Thursday, July 16, 2009

ghosts at the county fair


I don't know exactly how to approach this county fair thing. I mean, when I was a kid there were no opportunities to show off my prize livestock or vegetables. City kids don't know about these things. At our yearly block party, I gorged myself on candies and barbeque and baked goods. Ohhh, my stomach was full of peanut butter cookies and hot dogs and smarties. Then I'd slip off my shoes and bounce around in the jumping jack until my regurgitating reflex made itself known, at which point I'd roll out of the huge balloon, chug a coke and go find the kids playing ghost in the graveyard.

All of the same elements are here at the Tuolumne County Fair. There is the gorging and the rides, the kids playing games, but the things that are different - the prize cows raised by middle schoolers, the gigantic vegetables, a product of many months of careful watering and turning - are significant. These people here are country people, or they used to be. This was a venue for them to show off their season's treasures, the let loose and paint the town red. We have adopted this in the city, except we just do the celebrating, not the working in the fields part.

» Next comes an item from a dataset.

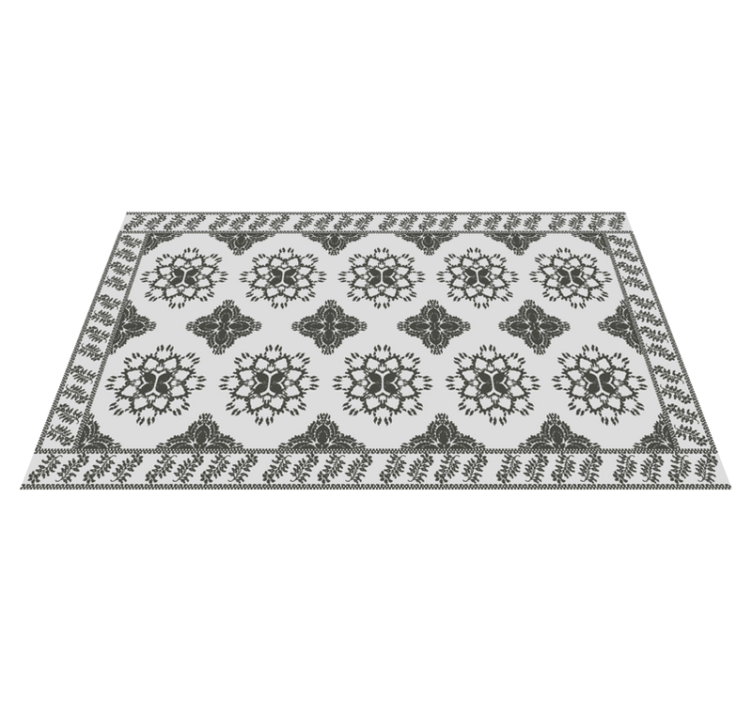Tapis vinyle salle à manger motif floral vintage - TenStickers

Although this fair has come along way since its inception (now the major events show the grotesque strength of machines in the form of truck pulls and demolition derbys), the ghost of its past enthralls me. There was a time in America when most people outside of cities worked on the land. They came once a year to show off their labor, to mingle with their neighbors and to let their bellies hang out after gorging themselves on their neighbor's meat. I hope this ghost doesn't disappear for good.